Браслетами на руках — колдовства следы.
А помнишь, как королевной она была,
Пока мирной жизни ход не нарушил ты?
При звуках нежного девичьего голоса Северный ветер замер. Изольда пела волшебно, казалось, в тишине словам ее вторят чудесные струны. Но дело было вовсе не в красоте исполнения. Как только над дубравой зазвенела мелодия, с Хёльмом произошло неладное: горло сдавило, руки ослабели. Вокруг видениями замелькали пустынные холмы и приморские скаты…
Усни же до срока покрепче, любовь моя,
Пусть волны в полог у постели впрядут туман.
Заклятия паутину сплетаю я,
К земле колдовством пригибая твой гордый стан.
За то, что посмел ты, безумец, меня желать,
Чудовищем будешь скитаться по берегам.
Я дерзость обязана чарами наказать,
Пусть падает королевич к моим ногам!
Хёльмвинд не слышал слов, но ощущал смысл кожей, будто песня прошила его насквозь. Он ясно видел, как шипастые ветви на руках ведьмы оживают и разрастаются. Пока девчонка пела, их становилось все больше.
Удивительно, но неистово барахтающийся над землей волк разом присмирел. Очень скоро он перестал дергаться, глаза затуманились. Заметив это, ветер осторожно опустил Таальвена на траву. Но Изольда не обратила на своего спутника никакого внимания. Казалось, она сама была целиком захвачена чарами.
Не вздумай, мой друг, говорить о своей судьбе,
И истинный смысл вещей не смей называть!
Я облик звериный искусно ткала тебе —
Сама по ночам поневолена надевать,
Чтоб скрыться от яда голодных зеленых глаз,
Которые в душу без страха мою глядят…
Я спела терновую песню тебе, лишь раз,
Но сердца не возвратить — не свернуть назад.
Высокий голос Изольды становился все сильнее. Песня лилась, и побеги колючей сливы тянулись к Таальвену Валишеру. Они осторожно прикоснулись к мягкой волчьей шерсти, поседевшей от морозного волшебства, змеями свернулись вокруг его шеи, лап, оплели плечи. Волк не возражал, спокойно глядя, как все больше попадает в плен тернового колдовства.
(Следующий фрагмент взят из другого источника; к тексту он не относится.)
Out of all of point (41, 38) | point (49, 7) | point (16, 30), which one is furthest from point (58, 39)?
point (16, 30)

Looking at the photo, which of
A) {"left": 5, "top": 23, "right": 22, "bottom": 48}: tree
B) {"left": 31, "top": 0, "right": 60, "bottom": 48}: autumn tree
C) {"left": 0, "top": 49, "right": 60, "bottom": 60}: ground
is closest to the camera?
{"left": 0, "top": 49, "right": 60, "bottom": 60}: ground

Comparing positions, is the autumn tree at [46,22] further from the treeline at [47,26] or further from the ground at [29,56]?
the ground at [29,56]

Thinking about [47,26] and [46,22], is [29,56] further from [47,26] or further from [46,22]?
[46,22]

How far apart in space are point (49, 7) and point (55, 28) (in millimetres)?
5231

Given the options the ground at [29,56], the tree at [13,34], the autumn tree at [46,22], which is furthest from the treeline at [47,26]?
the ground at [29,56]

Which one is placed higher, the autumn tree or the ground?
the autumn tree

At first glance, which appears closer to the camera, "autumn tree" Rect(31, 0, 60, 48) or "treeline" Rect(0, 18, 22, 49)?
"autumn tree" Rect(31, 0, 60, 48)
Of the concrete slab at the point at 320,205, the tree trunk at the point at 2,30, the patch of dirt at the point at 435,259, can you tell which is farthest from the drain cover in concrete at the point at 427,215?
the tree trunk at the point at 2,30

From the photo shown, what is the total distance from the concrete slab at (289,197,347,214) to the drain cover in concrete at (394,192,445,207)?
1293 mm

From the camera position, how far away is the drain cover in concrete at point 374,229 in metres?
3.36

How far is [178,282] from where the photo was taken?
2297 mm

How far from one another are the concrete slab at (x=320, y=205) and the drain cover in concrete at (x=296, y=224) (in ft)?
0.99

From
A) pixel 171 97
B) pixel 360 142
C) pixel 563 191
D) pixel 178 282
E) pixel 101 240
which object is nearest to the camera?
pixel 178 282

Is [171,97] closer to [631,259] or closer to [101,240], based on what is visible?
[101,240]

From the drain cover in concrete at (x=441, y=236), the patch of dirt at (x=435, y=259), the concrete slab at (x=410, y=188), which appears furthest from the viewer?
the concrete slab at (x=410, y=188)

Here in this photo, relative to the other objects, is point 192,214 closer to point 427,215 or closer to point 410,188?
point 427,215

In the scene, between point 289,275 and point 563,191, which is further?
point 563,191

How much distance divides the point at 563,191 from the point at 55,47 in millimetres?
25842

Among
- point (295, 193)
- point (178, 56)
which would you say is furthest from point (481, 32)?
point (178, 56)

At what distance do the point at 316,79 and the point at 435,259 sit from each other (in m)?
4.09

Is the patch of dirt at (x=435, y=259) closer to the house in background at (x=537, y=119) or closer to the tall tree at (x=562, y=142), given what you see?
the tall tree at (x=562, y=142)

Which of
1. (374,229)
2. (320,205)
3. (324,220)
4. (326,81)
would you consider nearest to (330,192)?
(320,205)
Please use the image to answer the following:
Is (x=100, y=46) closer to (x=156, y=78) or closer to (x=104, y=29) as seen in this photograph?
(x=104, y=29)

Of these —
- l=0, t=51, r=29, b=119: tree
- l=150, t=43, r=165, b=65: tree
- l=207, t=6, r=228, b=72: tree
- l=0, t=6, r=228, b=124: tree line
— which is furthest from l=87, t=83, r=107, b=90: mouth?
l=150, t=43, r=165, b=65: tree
Незаметно колючки подкрались и к невидимому сиденью повелителя ветров. Неслышно извиваясь, они поднялись с земли и задели Хёльмову руку, мгновенно расцарапав в кровь. Острая жгучая боль пронзила его кисть, локоть, плечо, и ветер с трудом удержался от возгласа. Он поднялся выше, спасаясь от вездесущих шипов, и потер кровоточащую ладонь. Но продолжил внимательно следить за Таальвеном: не бросится ли тот на свою жертву.
Волк становился все человечнее. Вот плечи его опустились, тело расслабилось, весь облик как-то изменился. Секундой раньше это был дикий зверь, жаждущий нападать, а сейчас будто кто-то другой спрятался под волчьей шкурой. Он даже стоял иначе, стараясь выпрямиться.
Глаза просветлели, загорелись зеленым огоньком. И лишь только смолкла последняя нота, Таальвен Валишер моргнул и сказал приветливо:
— Клянусь, я раньше слышал эту песню…
Принцесса всплеснула руками и бросилась на шею своему верному спутнику.
— О, Тааль, как же долго тебя не было рядом!
Ветер подался вперед все еще не в силах поверить, что простая песня вернула волка из царства морозного забвения.
— Я, кажется, потерял счет времени, — нахмурившись, ответил он. — Никак не соображу, что произошло…
— Ты попал в упряжку Хаар Силлиэ, возил ее заклятые сани по небу больше недели, поседел, околдованный синим холодом… — затараторила Изольда скороговоркой. — Пока я работала пряхой Пайян-Жен — беспощадной паучихи, чтобы вызволить тебя, искала ключи на дне Костяного колодца, воровала яйца хозяйки метели и похищала тебя же прямо у нее из-под носа…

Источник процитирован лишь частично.